# WHAT THE TASK REQUIRES
Set down every line from the one with "Gray plastic pot" to the end of the entries, both ends included, exactly as it reads and without pictures.
(DATA PROVIDED)
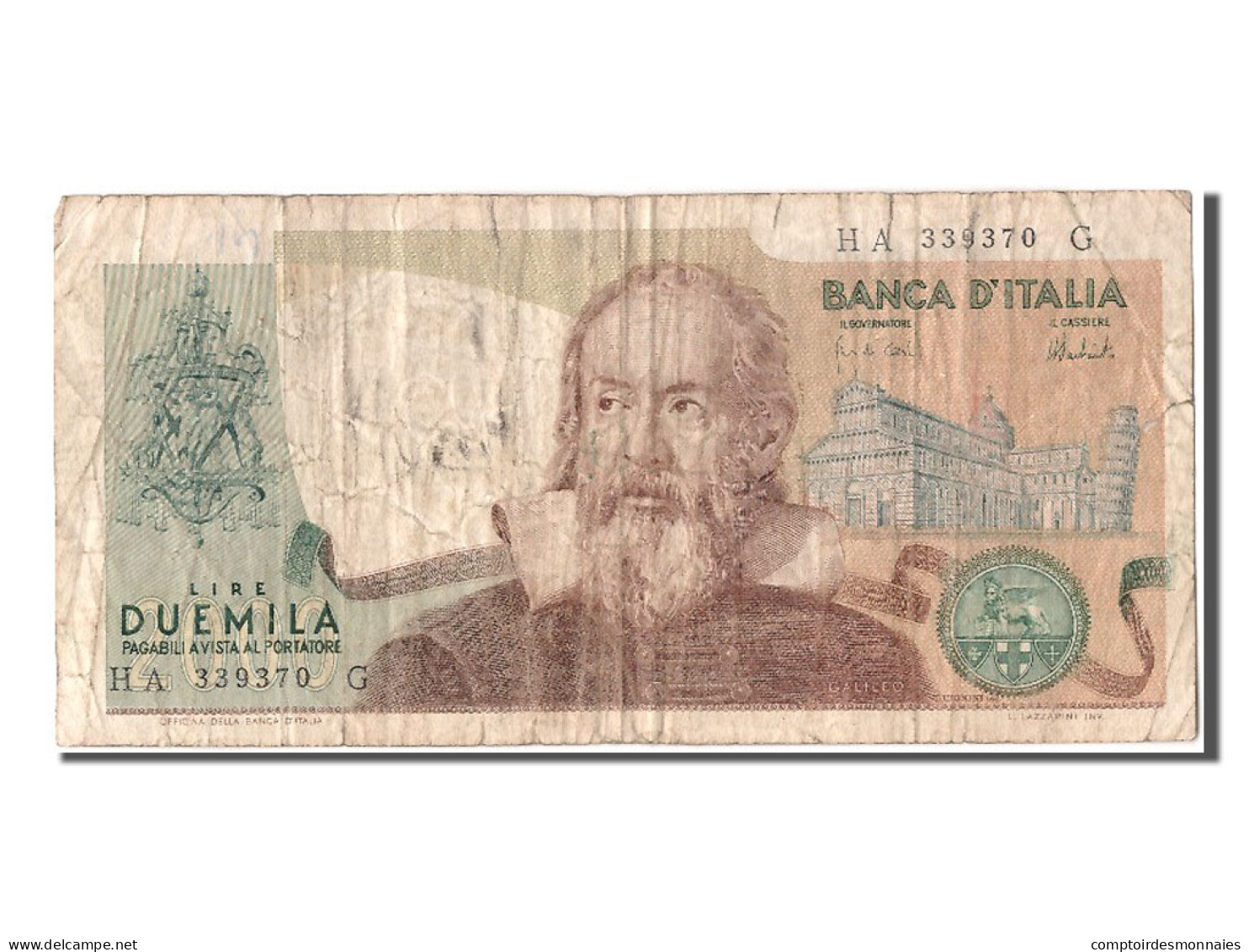 Billet, Italie, 2000 Lire, 1973, 1973-10-08, TB - 2000 Lire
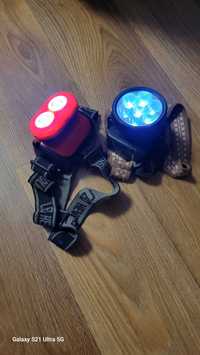 Два налобных фонарика с батарейками, цена за оба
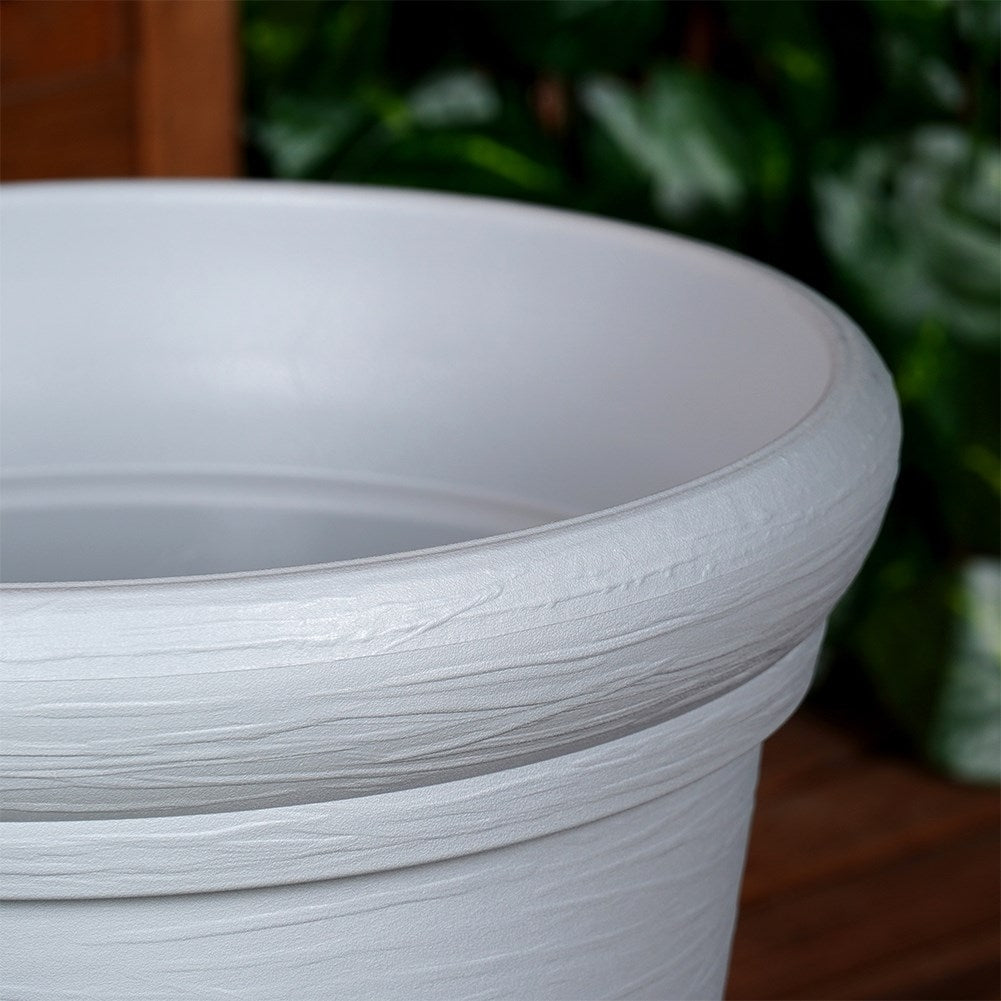 Gray plastic pot with stylish patterns, weatherproof for garden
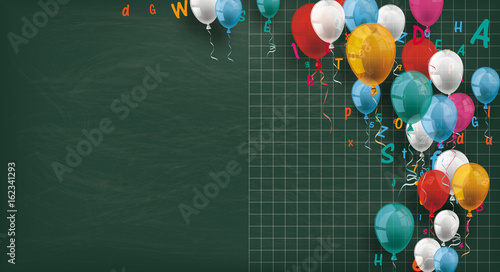 Long Blackboard Colored Balloons Letters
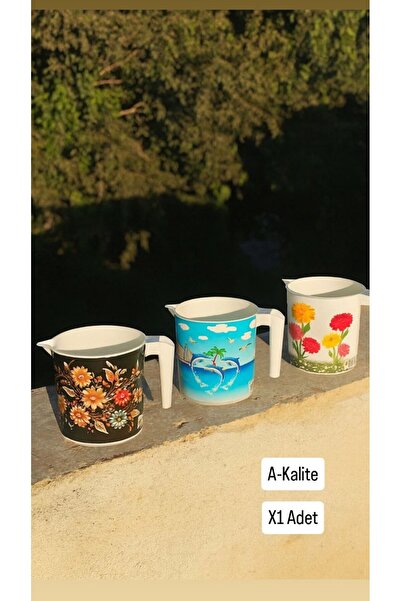 Metler Desenli Plastik Su Maşrapası Banyo Tuvalet İçin Dayanıklı Saplı Su Kab...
(End DATA PROVIDED)
# EXERCISE RESPONSE
 Gray plastic pot with stylish patterns, weatherproof for garden
 Long Blackboard Colored Balloons Letters
 Metler Desenli Plastik Su Maşrapası Banyo Tuvalet İçin Dayanıklı Saplı Su Kab...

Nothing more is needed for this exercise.